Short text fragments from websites
=== Begin Enclosure ===
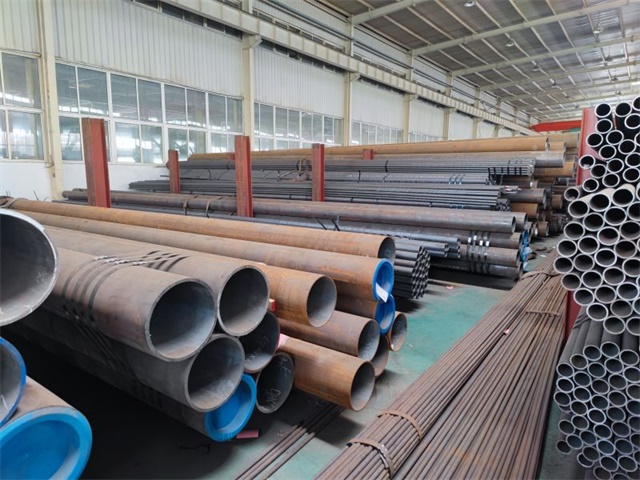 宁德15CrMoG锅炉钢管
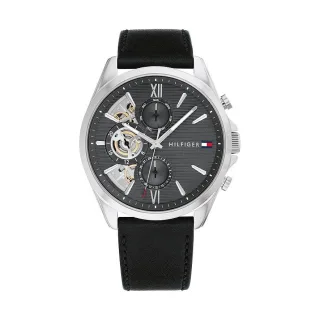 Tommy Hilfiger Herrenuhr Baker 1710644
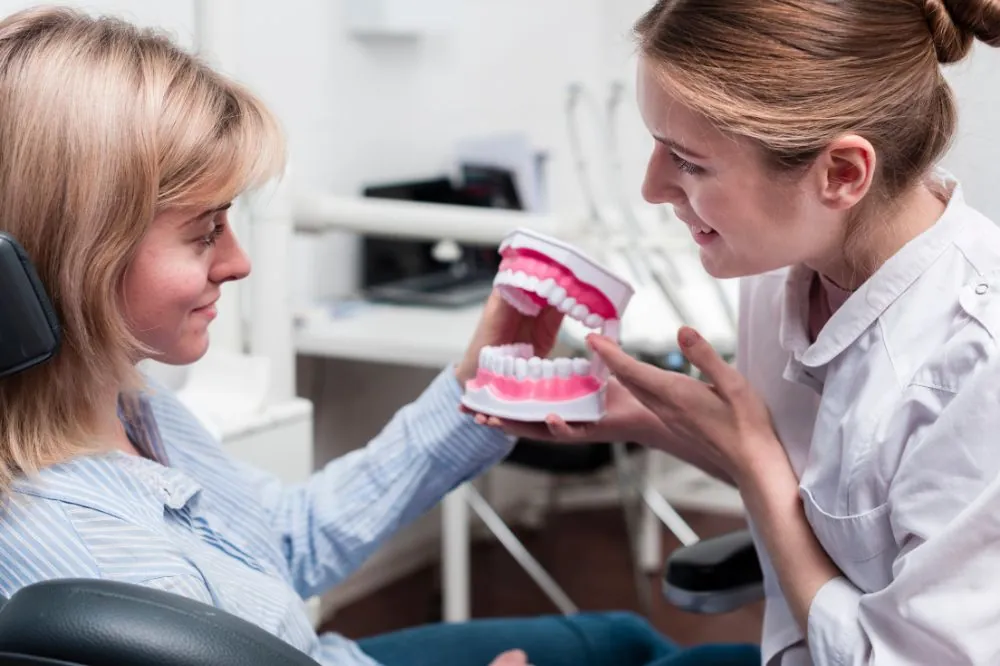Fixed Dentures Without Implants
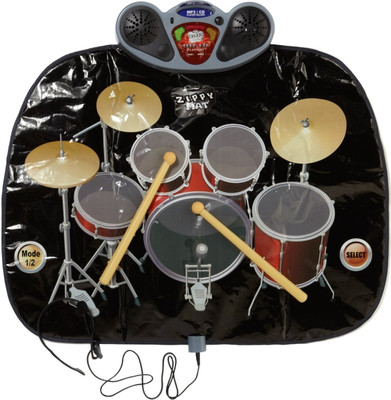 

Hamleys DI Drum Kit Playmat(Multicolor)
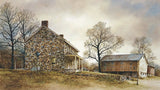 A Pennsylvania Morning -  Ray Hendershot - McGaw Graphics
=== End Enclosure ===
■ **What the task requires**
Before duplicating the entries above, strip out the pictures and keep the rest exact.

■ **Exercise result**
 宁德15CrMoG锅炉钢管
 Tommy Hilfiger Herrenuhr Baker 1710644
Fixed Dentures Without Implants

Hamleys DI Drum Kit Playmat(Multicolor)
 A Pennsylvania Morning -  Ray Hendershot - McGaw Graphics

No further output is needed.